Yolov3: LEARNING RATE SCHEDULER

Created on 24 Apr 2019 · 55Comments · Source: ultralytics/yolov3

The original darknet learning rate (LR) scheduler parameters are set in a model's *.cfg file:

learning_rate: initial LR
burn_in: number of batches to ramp LR from 0 to learning_rate in epoch 0
max_batches: the number of batches to train the model to
policy: type of LR scheduler
steps: batch numbers at which LR is reduced
scales: LR multiple applied at steps (gamma in PyTorch)

In this repo LR scheduling is set in train.py. We set the initial and final LRs as hyperparameters hyp['lr0'] and hyp['lrf'], where the final LR = lr0 * (10 ** lrf) . For example, if the initial LR is 0.001 and the final LR is 100 times (1e-2) smaller, hyp['lrf']=0.001 and hyp['lrf']=-2. This plot shows two of the available PyTorch LR schedulers, with the MultiStepLR scheduler following the original darknet implementation (at batch_size=64 on COCO).
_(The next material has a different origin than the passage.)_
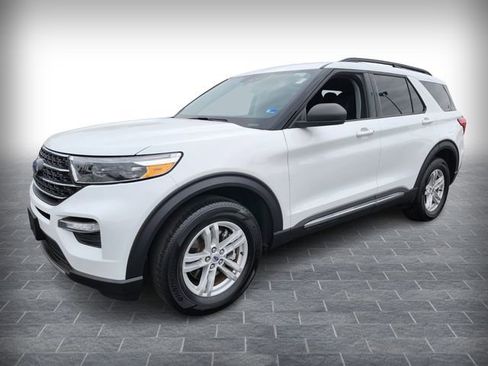 Used 2024 Ford Explorer XLT w/ Equipment Group 202A image 3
To learn more please visit:
https://pytorch.org/docs/stable/optim.html#how-to-adjust-learning-rate

The LR hyperparameters are tunable, along with all the rest of the model hyperparmeters in train.py:

https://github.com/ultralytics/yolov3/blob/1771ffb1cf293ef176ac6ef2ddb7af7ca672c0e7/train.py#L13-L25

Actual LR scheduling is set further down in train.py, and has been tuned for COCO training. You may want to set your own scheduler according to your specific custom dataset and training requirements, and also adjust it's hyperparameters accordingly.
https://github.com/ultralytics/yolov3/blob/bd2378fad1578e7d7722ad846458ad7a2bb43442/train.py#L102-L109

Stale question tutorial

Source

glenn-jocher

👍7

Most helpful comment

@FranciscoReveriano Ok! Implemente el cosine scheduler (sin el warmup) ahora. EQN 1 en https://arxiv.org/pdf/1812.01187.pdf es:

Screen Shot 2020-02-22 at 8 58 48 PM

    lf = lambda x: 0.5 * (1 + math.cos(x * math.pi / epochs))  # cosine https://arxiv.org/pdf/1812.01187.pdf
    scheduler = lr_scheduler.LambdaLR(optimizer, lr_lambda=lf)

Podemos probar esta scheduler ahora para comparar directamente con el default step scheduler.

glenn-jocher on 23 Feb 2020

👍2

All 55 comments

Hello glenn-jocher
Sorry to interrupt you .
But I am confusing about the following learning rate decay function .
lf = lambda x: 1 - 10 ** (hyp['lrf'] * (1 - x / epochs))
How did you get this function ?
Thank you for reply

announce1 on 4 May 2019

@announce1 this equation corresponds to the orange and green curves above. It's an inverse exponential that decays the LR to zero by the value epochs. This type of curve is tunable with a single hyperparameter, hyp['lrf']. We selected it due to this simple tunability, it's continuous nature, and from good performance comparisons vs other functions, such as linear, exponential, and steps.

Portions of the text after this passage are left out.